5 Analysis flowcharts
On this section, a detailed guide on how to perform different analyses using exposomeShiny will be provided. The guide contains screenshots of the analysis steps as well as some flowcharts.
5.1 Exposome health analysis
The exposome health analysis corresponds to the study of the relation between exposures (exposome) and health outcomes (phenotypes). Information about exposome data exploration and pre-processing can also be found on this subsection. Along this section, the data files used as examples are: exposures.csv
, exposures_lod.csv
, description.csv
, phenotypes.csv
and exposome_plain.csv
which are available here.
5.1.1 Data entry
There are two different data entry methods. Exposome data which uses the three tables and plain data which only uses one.
5.1.1.1 Exposome data
Three tables are needed to input an exposome dataset: the exposures, description and phenotypes. This files have to be provided as csv
or txt
. Different separator formats are supported (‘,’ ‘;’ tabs and spaces). Excel files or R objects are not supported as inputs. Be sure all three files share the same separator.

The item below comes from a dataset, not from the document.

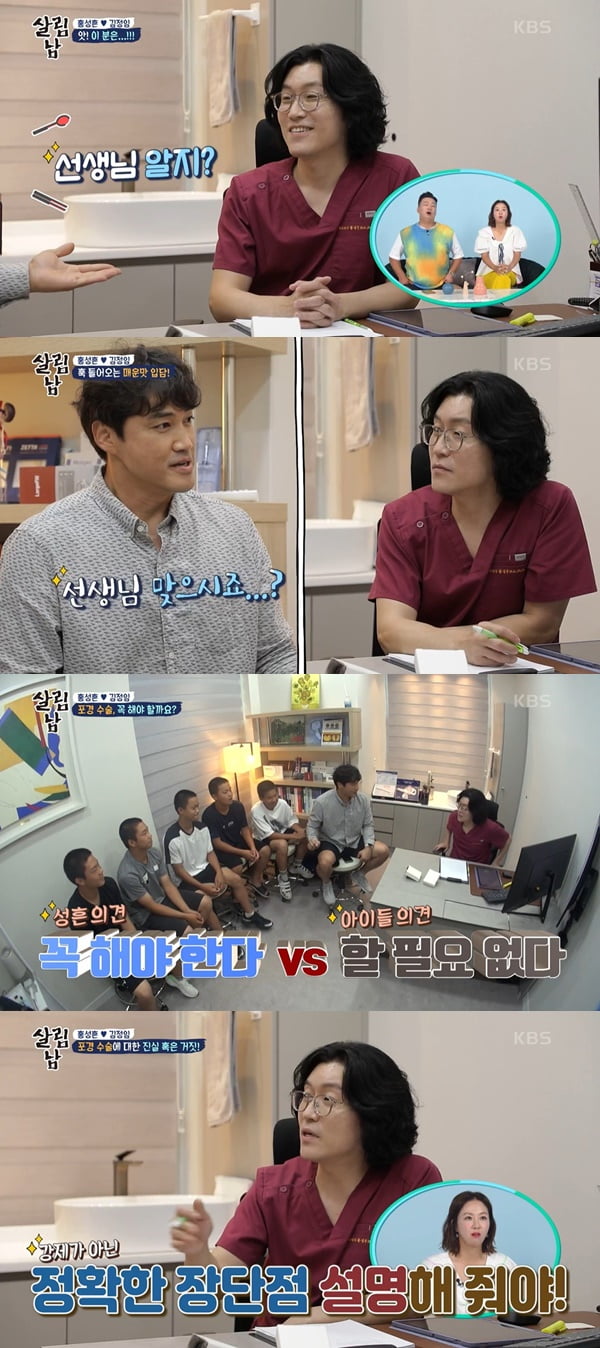 /사진=KBS2 '살림하는 남자들 시즌2' 방송 화면 캡처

Once the tables are read two new main elements will appear, 1) the option to explore the inputted tables; and 2) six input fields which control the following file parameters:
- Column name in the description file that contains the exposures
- Column name in the description file that contains the families
- Column name in the exposures file that contains the identifier
- Column name in the phenotypes file that contains the identifier
- The threshold to select between continuous or factor exposures. More than this number of unique items on an exposure will be considered as ‘continuous’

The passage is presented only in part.